(Exercise details): Give back exactly the lines from the one holding "Hawes & Curtis" to the last line of the entries, both included, and nothing more.

(Records for this exercise):
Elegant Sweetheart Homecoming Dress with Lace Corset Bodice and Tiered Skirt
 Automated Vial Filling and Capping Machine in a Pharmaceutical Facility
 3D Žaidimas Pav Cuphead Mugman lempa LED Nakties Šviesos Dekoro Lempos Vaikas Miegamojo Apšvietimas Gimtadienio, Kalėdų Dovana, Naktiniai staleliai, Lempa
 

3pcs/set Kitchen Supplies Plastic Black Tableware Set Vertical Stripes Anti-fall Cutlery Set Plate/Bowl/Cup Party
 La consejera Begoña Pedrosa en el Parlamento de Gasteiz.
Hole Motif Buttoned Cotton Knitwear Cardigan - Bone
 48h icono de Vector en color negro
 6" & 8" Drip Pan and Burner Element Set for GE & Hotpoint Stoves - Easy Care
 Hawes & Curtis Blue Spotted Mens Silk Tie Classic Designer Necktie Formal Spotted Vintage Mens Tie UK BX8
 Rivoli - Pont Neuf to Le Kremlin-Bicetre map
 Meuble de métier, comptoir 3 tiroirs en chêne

(Response below):
 Hawes & Curtis Blue Spotted Mens Silk Tie Classic Designer Necktie Formal Spotted Vintage Mens Tie UK BX8
 Rivoli - Pont Neuf to Le Kremlin-Bicetre map
 Meuble de métier, comptoir 3 tiroirs en chêne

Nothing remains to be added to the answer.